LE FIGARO LITTÉRAIRE, Étienne de Montety, jeudi 22 février 2024


Alice Fogère est ce qu’on appelle une femme malheureuse. Prisonnière d’elle-même et d’un conjoint, Geoffrey, invivable jusqu’à être violent. Lui l’ancien prince du campus étudiant, le chouchou des filles qui avait jeté son beau regard sur la petite Alice, s’est finalement montré sous son vrai jour: mythomane, médiocre, odieux. À fuir, n’étaient les scrupules, la mauvaise conscience dont Alice fait preuve, maladivement: elle veut l’aider parce que, paraît-il, il n’en finit pas de solder une enfance sous le signe de la maltraitance. Les psychologues nomment cela l’emprise.

Ce schéma conjugal classique, qui court les magazines féminins, on tremble à l’idée de le retrouver dans un roman avec son vocabulaire obligé, pervers narcissique, mari toxique, libération de la parole, etc. On demande autre chose au roman. C’est manquer de confiance en Tiffany Tavernier, qui réserve à Alice un autre destin. Pour réagir à sa détresse, celle-ci répond fortuitement à une annonce du diocèse de Paris, qui recherche quelqu’un pour la gestion des dossiers de canonisation: la cause des saints.

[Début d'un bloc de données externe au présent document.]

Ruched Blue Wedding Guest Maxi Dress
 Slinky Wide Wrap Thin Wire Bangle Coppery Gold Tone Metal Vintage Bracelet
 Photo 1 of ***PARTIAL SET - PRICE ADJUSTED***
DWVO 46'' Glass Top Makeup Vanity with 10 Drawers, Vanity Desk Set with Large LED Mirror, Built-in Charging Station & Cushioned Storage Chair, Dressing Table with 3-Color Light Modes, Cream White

Le sait-on, cette réalité surnaturelle a un versant on ne peut plus prosaïque: pour prouver la sainteté d’une vie, il faut constituer un dossier, produire pièces, témoignages, etc. L’Église catholique est fille de Rome, où le droit était roi. Croit-elle en Dieu? Qu’importe, à lui de reconnaître les siens. Elle accepte le poste.

La voici, et le lecteur avec elle, plongée dans un univers mal connu, largement fantasmé: la machinerie de l’Église. Est-elle sauvée? Alice vit aussitôt un décalage brutal entre son quotidien et l’atmosphère un peu irénique de l’archevêché, avec des filles dont la gentillesse appuyée la paralyse, tant elle n’y est pas habituée. Des femmes heureuses, ça existe donc?

Qu’est-ce qui différencie un bienheureux d’un vénérable? Un miracle, comment le reconnaît-on? Elle se familiarise avec une procédure, mais aussi avec l’immense cortège de tous les saints, ou postulants à cet état enviable: que de vies admirables, connues ou non. En même temps que la cause des saints, dans la vie d’Alice, il y a l’enfer dont elle doit sortir.

En vérité, Alice est l’histoire de ce combat. D’un côté il y a la bienveillance maladroite de ses collègues. De l’autre l’attitude franchement néfaste de Geoffrey. Le roman oscille entre ces pôles.

Le métier de scénariste permet à Tiffany Tavernier de savoir construire une histoire au cordeau. Les rôles sont vite distribués. Les voix de la narration varient, récit ou monologue intérieur. Mais le dénouement ? Moteur.

Les scènes conjugales prennent à la gorge. On assiste à la violence de l’homme, à sa muflerie, autant de situations qui même par livre interposé sont insupportables. Les scènes à l’évêché, par contraste, relèvent de la comédie de mœurs. Tiffany Tavernier a écrit un roman sur la pesanteur et la grâce: qui est un saint, qui est un salaud ? En vérité, Dieu reconnaîtra les siens.